101.           The effects of ginger on platelet aggregation were investigated in healthy male subjects (n=20) whose diet was supplemented with 100 g butter per day for seven days. This significantly enhanced platelet aggregation. Ten of the subjects then received ginger, in powder form (5 g per day) and the other ten received a placebo. ADP- and epinephrine-induced platelet aggregation was significantly (P<0.001) reduced in the ginger-treated group, whilst there was no significant change in the placebo control group (Verma et al., 1993). In addition, no change was observed in the fibrinolytic activity or fibrinogen levels in these subjects. All patients in this study were taking nitrates and aspirin; the latter was stopped 2 weeks before the start of the study. In contrast to the effects after 3 months, a single 10 g dose of powdered ginger, administered to CAD patients (n=10), resulted in a significant decrease in ADP- and epinephrine-induced platelet aggregation 4 h after dosing, as compared to that prior to treatment. There was no change in the placebo-treated controls (n=10).

Effects on blood pressure

Animal studies

102.           Ghayur and Gilani (2005) reported that a crude extract of ginger administered intravenously, induced a dose-dependent (0.3–3 mg/kg) decrease in arterial blood pressure of anesthetized Sprague-Dawley rats with an EC50 value of 0.9 ± 0.1 mg/kg (mean ± SEM). In guinea pig paired atria, the crude extract exhibited cardio-depressant activity on the rate and force of spontaneous contractions with EC50 values of 0.57 ± 0.03 and 0.88 ± 0.07 mg/ml (mean ± SEM) for force and rate of contraction, respectively.  In rabbit thoracic aorta preparations, when tested on the resting baseline, the ginger extract was devoid of any effect up to a dose of 10 mg/mL. The extract was then tested on high-potassium (K+) (80 mg/mL) and phenylephrine (1 μg/mL)-induced contractions. The extract relaxed the phenylephrine-induced vascular contraction at a dose 10 times that required against K+ (80 mg/mL)-induced contraction with an EC50 of 0.92 ± 0.04 mg/ml, compared with an EC50 of 0.11 ± 0.01 mg/ml against K+-induced contraction.
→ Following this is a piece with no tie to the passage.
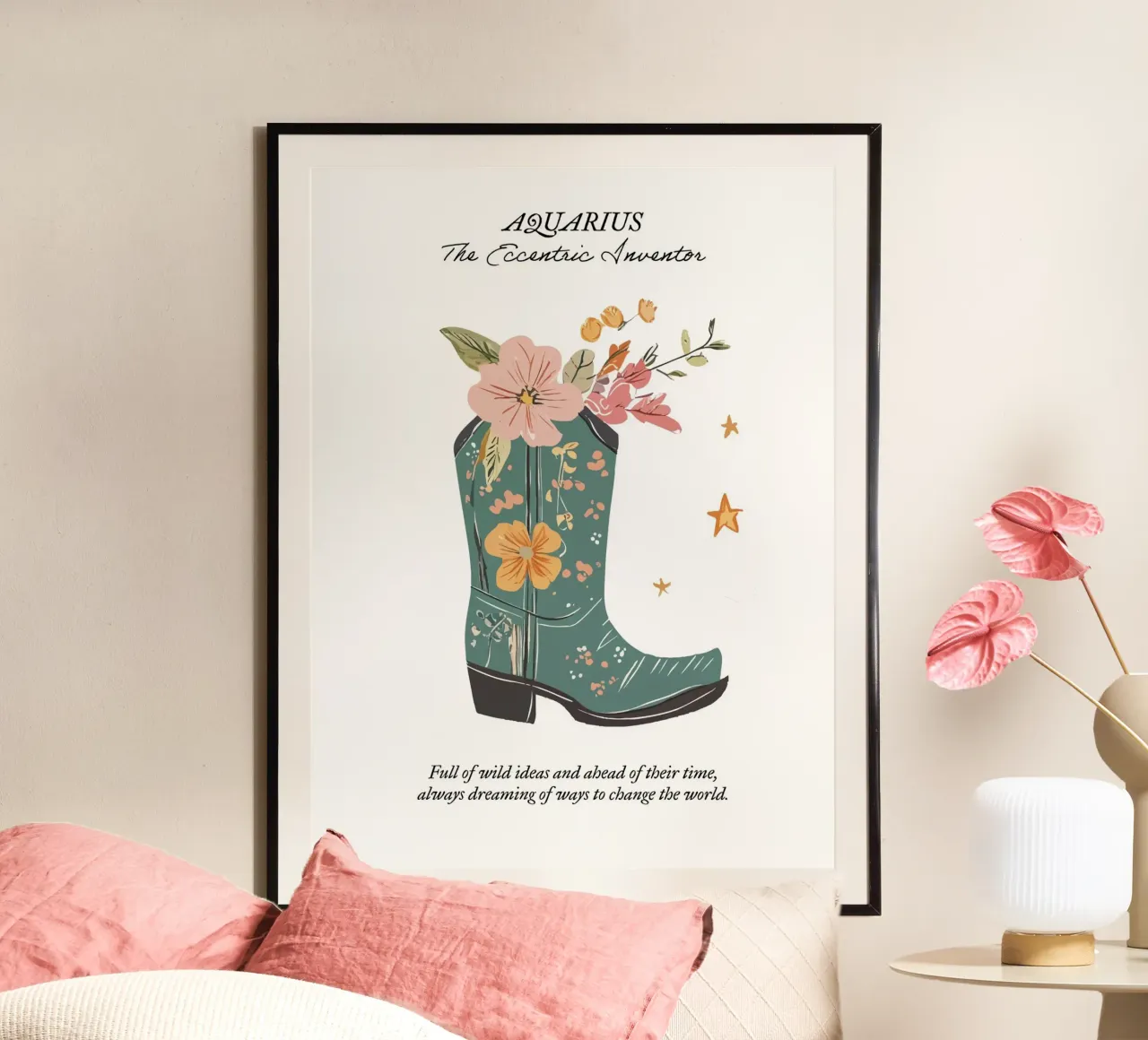 Acuario Signo Zodiacal, Botas Vaqueras poster con marco de aluminio de Peaches Art Prints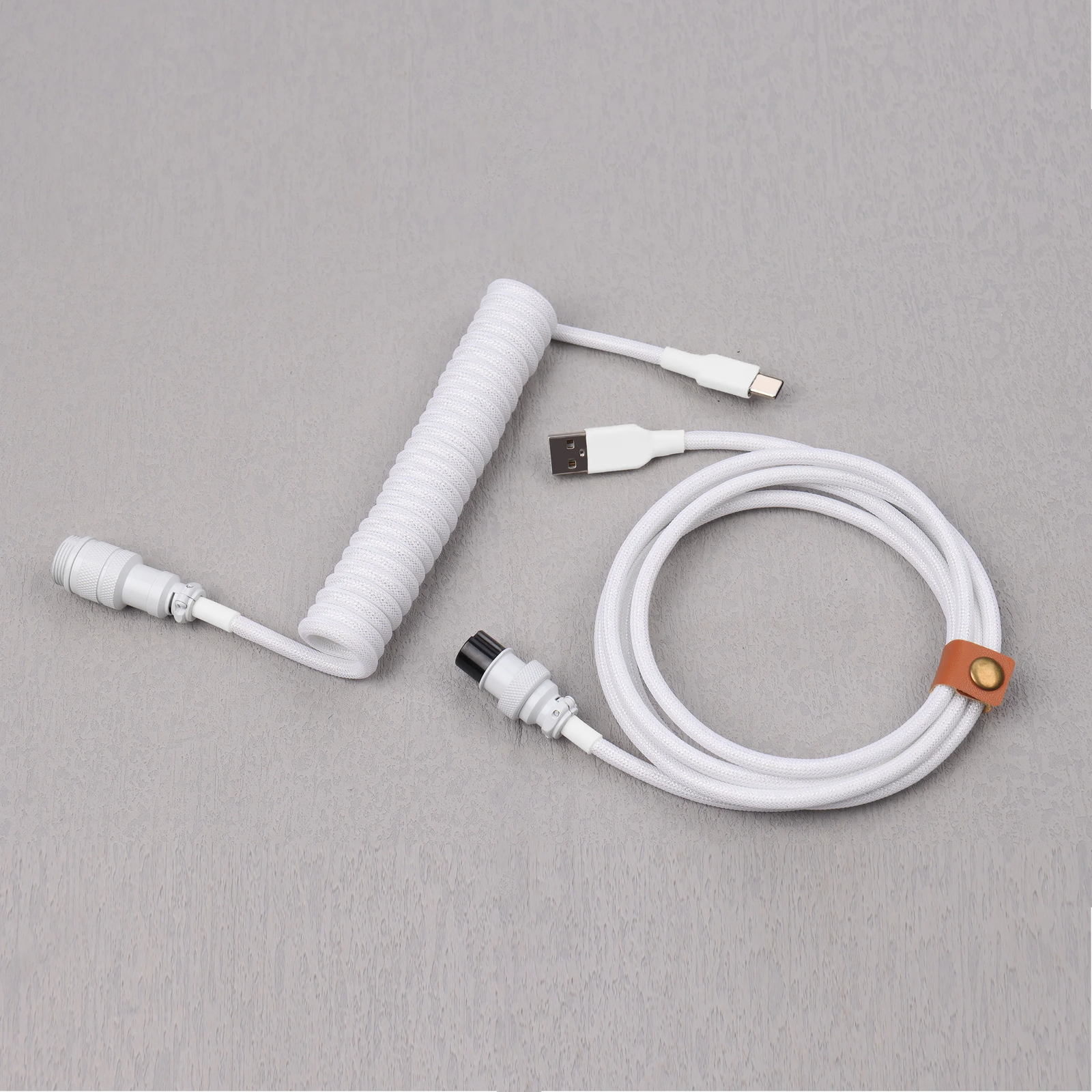 Coiled Aviator Cable Gx16 Usb C Keyboard Spiral Cable Pc Desk Connector For Pc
103.           Ca2+ channel-blocking (CCB) activity was confirmed when the crude extract shifted the Ca2+ dose–response curves of thoracic aorta preparations to the right, the shift being similar to that obtained with verapamil. It also inhibited the phenylephrine (1 mg/mL) peak responses in normal-Ca2+ and Ca2+-free solution, indicating that it acts at both the membrane-bound and the intracellular Ca2+ channels. When tested in endothelium-intact rat aorta, it again relaxed the K+-induced contraction (EC50 value of 0.091 ± 0.002 mg/ml) at a dose 14 times less than that required for relaxing the PE-induced contraction (EC50 value of 1.26 ± 0.08 mg/ml). The vasodilator effect of the crude extract was endothelium-independent because it was not blocked by Nω-nitro-L-arginine methyl ester hydrochloride (L-NAME) (0.1 mg/mL) or atropine (1 mg/mL) and also was reproduced in endothelium-denuded preparations at the same dose range. These data indicate that the blood pressure-lowering effect of ginger is mediated through blockade of voltage-dependent calcium channels.

Effect on Prostaglandins

In vitro

104.           Ginger extracts, along with many gingerols and shogaols, have been shown to suppress prostaglandin synthesis in vitro, through inhibition of cyclooxygenase (Jolad et al. 2005; Pan et al. 2008; Dugasani et al. 2010).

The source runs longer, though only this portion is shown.